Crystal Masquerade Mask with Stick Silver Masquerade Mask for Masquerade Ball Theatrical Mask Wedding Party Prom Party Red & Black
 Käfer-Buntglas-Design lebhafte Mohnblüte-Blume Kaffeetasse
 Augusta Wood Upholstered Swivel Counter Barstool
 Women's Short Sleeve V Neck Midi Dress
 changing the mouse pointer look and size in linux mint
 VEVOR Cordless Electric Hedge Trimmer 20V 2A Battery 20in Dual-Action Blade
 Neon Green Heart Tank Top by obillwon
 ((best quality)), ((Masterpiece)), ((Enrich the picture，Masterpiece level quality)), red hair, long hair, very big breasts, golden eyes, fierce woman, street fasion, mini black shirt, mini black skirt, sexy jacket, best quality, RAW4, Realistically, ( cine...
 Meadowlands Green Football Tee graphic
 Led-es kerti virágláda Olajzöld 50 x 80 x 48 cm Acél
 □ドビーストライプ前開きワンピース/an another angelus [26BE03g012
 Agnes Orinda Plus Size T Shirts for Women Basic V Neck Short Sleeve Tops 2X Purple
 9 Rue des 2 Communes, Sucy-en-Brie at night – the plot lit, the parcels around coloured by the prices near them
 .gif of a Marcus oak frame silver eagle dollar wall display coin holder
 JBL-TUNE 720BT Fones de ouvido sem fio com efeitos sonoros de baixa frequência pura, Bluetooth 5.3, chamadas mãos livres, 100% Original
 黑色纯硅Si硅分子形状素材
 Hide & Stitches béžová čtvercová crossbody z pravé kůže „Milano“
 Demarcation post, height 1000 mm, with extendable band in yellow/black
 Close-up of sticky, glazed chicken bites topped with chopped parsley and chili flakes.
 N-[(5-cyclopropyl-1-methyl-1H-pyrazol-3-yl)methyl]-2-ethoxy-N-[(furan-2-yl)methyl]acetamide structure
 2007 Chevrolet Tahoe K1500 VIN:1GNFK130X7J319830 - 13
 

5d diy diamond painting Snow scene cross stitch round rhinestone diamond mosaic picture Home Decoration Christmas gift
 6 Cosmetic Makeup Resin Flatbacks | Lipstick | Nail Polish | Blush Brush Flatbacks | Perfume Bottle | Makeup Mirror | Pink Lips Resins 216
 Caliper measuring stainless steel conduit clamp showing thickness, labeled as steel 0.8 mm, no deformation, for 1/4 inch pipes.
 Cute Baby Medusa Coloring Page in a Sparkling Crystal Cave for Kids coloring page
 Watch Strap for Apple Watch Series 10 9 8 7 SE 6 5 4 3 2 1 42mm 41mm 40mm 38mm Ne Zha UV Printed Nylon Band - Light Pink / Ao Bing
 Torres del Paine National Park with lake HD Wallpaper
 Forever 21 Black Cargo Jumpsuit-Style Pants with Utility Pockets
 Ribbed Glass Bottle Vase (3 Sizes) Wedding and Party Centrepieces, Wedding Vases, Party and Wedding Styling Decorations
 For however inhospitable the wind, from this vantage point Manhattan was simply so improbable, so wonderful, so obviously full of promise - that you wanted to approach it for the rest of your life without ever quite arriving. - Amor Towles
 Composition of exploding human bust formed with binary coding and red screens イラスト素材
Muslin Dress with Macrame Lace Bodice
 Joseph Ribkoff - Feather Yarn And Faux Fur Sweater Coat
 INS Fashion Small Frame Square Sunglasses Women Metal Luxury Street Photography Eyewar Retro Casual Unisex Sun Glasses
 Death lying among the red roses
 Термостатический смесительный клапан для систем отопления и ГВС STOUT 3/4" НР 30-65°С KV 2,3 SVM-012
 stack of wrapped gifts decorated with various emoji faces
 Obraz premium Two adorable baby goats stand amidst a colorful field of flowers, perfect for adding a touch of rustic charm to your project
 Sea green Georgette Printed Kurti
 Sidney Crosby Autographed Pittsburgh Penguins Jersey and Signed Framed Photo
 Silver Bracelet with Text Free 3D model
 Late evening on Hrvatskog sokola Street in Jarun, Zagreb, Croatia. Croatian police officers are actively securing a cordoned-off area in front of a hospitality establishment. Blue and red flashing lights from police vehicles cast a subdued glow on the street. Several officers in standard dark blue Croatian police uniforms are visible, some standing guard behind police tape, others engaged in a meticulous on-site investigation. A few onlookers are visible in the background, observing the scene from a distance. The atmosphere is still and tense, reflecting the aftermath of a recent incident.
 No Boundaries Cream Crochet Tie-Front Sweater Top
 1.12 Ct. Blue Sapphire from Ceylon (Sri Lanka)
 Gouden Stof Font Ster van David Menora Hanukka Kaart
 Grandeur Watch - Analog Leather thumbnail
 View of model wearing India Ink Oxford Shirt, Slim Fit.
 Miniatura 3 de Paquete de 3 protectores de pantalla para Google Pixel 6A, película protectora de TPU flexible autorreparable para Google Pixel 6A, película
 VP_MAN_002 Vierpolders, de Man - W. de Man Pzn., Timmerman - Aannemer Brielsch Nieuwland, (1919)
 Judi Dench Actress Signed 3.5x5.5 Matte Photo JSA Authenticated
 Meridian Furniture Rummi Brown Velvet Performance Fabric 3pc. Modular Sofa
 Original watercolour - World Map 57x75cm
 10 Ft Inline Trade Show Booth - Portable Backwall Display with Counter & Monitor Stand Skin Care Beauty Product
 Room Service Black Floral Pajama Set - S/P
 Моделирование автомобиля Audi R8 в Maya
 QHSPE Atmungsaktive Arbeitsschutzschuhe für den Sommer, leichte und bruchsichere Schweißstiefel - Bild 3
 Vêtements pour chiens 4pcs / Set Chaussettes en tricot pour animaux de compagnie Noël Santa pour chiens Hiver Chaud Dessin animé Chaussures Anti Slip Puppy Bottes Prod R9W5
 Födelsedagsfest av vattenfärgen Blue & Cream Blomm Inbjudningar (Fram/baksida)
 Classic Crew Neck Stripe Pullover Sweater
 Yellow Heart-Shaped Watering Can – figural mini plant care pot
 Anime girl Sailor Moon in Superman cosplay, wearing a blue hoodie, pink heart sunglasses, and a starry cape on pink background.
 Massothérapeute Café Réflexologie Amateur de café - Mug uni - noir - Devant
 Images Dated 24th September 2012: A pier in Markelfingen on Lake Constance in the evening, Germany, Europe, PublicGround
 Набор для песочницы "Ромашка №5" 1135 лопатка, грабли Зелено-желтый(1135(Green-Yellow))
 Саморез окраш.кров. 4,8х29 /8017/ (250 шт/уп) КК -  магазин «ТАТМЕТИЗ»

═══

* [Exercise instructions]
An exact copy of every record is required.

* [Response for this exercise]
Crystal Masquerade Mask with Stick Silver Masquerade Mask for Masquerade Ball Theatrical Mask Wedding Party Prom Party Red & Black
 Käfer-Buntglas-Design lebhafte Mohnblüte-Blume Kaffeetasse
 Augusta Wood Upholstered Swivel Counter Barstool
 Women's Short Sleeve V Neck Midi Dress
 changing the mouse pointer look and size in linux mint
 VEVOR Cordless Electric Hedge Trimmer 20V 2A Battery 20in Dual-Action Blade
 Neon Green Heart Tank Top by obillwon
 ((best quality)), ((Masterpiece)), ((Enrich the picture，Masterpiece level quality)), red hair, long hair, very big breasts, golden eyes, fierce woman, street fasion, mini black shirt, mini black skirt, sexy jacket, best quality, RAW4, Realistically, ( cine...
 Meadowlands Green Football Tee graphic
 Led-es kerti virágláda Olajzöld 50 x 80 x 48 cm Acél
 □ドビーストライプ前開きワンピース/an another angelus [26BE03g012
 Agnes Orinda Plus Size T Shirts for Women Basic V Neck Short Sleeve Tops 2X Purple
 9 Rue des 2 Communes, Sucy-en-Brie at night – the plot lit, the parcels around coloured by the prices near them
 .gif of a Marcus oak frame silver eagle dollar wall display coin holder
 JBL-TUNE 720BT Fones de ouvido sem fio com efeitos sonoros de baixa frequência pura, Bluetooth 5.3, chamadas mãos livres, 100% Original
 黑色纯硅Si硅分子形状素材
 Hide & Stitches béžová čtvercová crossbody z pravé kůže „Milano“
 Demarcation post, height 1000 mm, with extendable band in yellow/black
 Close-up of sticky, glazed chicken bites topped with chopped parsley and chili flakes.
 N-[(5-cyclopropyl-1-methyl-1H-pyrazol-3-yl)methyl]-2-ethoxy-N-[(furan-2-yl)methyl]acetamide structure
 2007 Chevrolet Tahoe K1500 VIN:1GNFK130X7J319830 - 13
 

5d diy diamond painting Snow scene cross stitch round rhinestone diamond mosaic picture Home Decoration Christmas gift
 6 Cosmetic Makeup Resin Flatbacks | Lipstick | Nail Polish | Blush Brush Flatbacks | Perfume Bottle | Makeup Mirror | Pink Lips Resins 216
 Caliper measuring stainless steel conduit clamp showing thickness, labeled as steel 0.8 mm, no deformation, for 1/4 inch pipes.
 Cute Baby Medusa Coloring Page in a Sparkling Crystal Cave for Kids coloring page
 Watch Strap for Apple Watch Series 10 9 8 7 SE 6 5 4 3 2 1 42mm 41mm 40mm 38mm Ne Zha UV Printed Nylon Band - Light Pink / Ao Bing
 Torres del Paine National Park with lake HD Wallpaper
 Forever 21 Black Cargo Jumpsuit-Style Pants with Utility Pockets
 Ribbed Glass Bottle Vase (3 Sizes) Wedding and Party Centrepieces, Wedding Vases, Party and Wedding Styling Decorations
 For however inhospitable the wind, from this vantage point Manhattan was simply so improbable, so wonderful, so obviously full of promise - that you wanted to approach it for the rest of your life without ever quite arriving. - Amor Towles
 Composition of exploding human bust formed with binary coding and red screens イラスト素材
Muslin Dress with Macrame Lace Bodice
 Joseph Ribkoff - Feather Yarn And Faux Fur Sweater Coat
 INS Fashion Small Frame Square Sunglasses Women Metal Luxury Street Photography Eyewar Retro Casual Unisex Sun Glasses
 Death lying among the red roses
 Термостатический смесительный клапан для систем отопления и ГВС STOUT 3/4" НР 30-65°С KV 2,3 SVM-012
 stack of wrapped gifts decorated with various emoji faces
 Obraz premium Two adorable baby goats stand amidst a colorful field of flowers, perfect for adding a touch of rustic charm to your project
 Sea green Georgette Printed Kurti
 Sidney Crosby Autographed Pittsburgh Penguins Jersey and Signed Framed Photo
 Silver Bracelet with Text Free 3D model
 Late evening on Hrvatskog sokola Street in Jarun, Zagreb, Croatia. Croatian police officers are actively securing a cordoned-off area in front of a hospitality establishment. Blue and red flashing lights from police vehicles cast a subdued glow on the street. Several officers in standard dark blue Croatian police uniforms are visible, some standing guard behind police tape, others engaged in a meticulous on-site investigation. A few onlookers are visible in the background, observing the scene from a distance. The atmosphere is still and tense, reflecting the aftermath of a recent incident.
 No Boundaries Cream Crochet Tie-Front Sweater Top
 1.12 Ct. Blue Sapphire from Ceylon (Sri Lanka)
 Gouden Stof Font Ster van David Menora Hanukka Kaart
 Grandeur Watch - Analog Leather thumbnail
 View of model wearing India Ink Oxford Shirt, Slim Fit.
 Miniatura 3 de Paquete de 3 protectores de pantalla para Google Pixel 6A, película protectora de TPU flexible autorreparable para Google Pixel 6A, película
 VP_MAN_002 Vierpolders, de Man - W. de Man Pzn., Timmerman - Aannemer Brielsch Nieuwland, (1919)
 Judi Dench Actress Signed 3.5x5.5 Matte Photo JSA Authenticated
 Meridian Furniture Rummi Brown Velvet Performance Fabric 3pc. Modular Sofa
 Original watercolour - World Map 57x75cm
 10 Ft Inline Trade Show Booth - Portable Backwall Display with Counter & Monitor Stand Skin Care Beauty Product
 Room Service Black Floral Pajama Set - S/P
 Моделирование автомобиля Audi R8 в Maya
 QHSPE Atmungsaktive Arbeitsschutzschuhe für den Sommer, leichte und bruchsichere Schweißstiefel - Bild 3
 Vêtements pour chiens 4pcs / Set Chaussettes en tricot pour animaux de compagnie Noël Santa pour chiens Hiver Chaud Dessin animé Chaussures Anti Slip Puppy Bottes Prod R9W5
 Födelsedagsfest av vattenfärgen Blue & Cream Blomm Inbjudningar (Fram/baksida)
 Classic Crew Neck Stripe Pullover Sweater
 Yellow Heart-Shaped Watering Can – figural mini plant care pot
 Anime girl Sailor Moon in Superman cosplay, wearing a blue hoodie, pink heart sunglasses, and a starry cape on pink background.
 Massothérapeute Café Réflexologie Amateur de café - Mug uni - noir - Devant
 Images Dated 24th September 2012: A pier in Markelfingen on Lake Constance in the evening, Germany, Europe, PublicGround
 Набор для песочницы "Ромашка №5" 1135 лопатка, грабли Зелено-желтый(1135(Green-Yellow))
 Саморез окраш.кров. 4,8х29 /8017/ (250 шт/уп) КК -  магазин «ТАТМЕТИЗ»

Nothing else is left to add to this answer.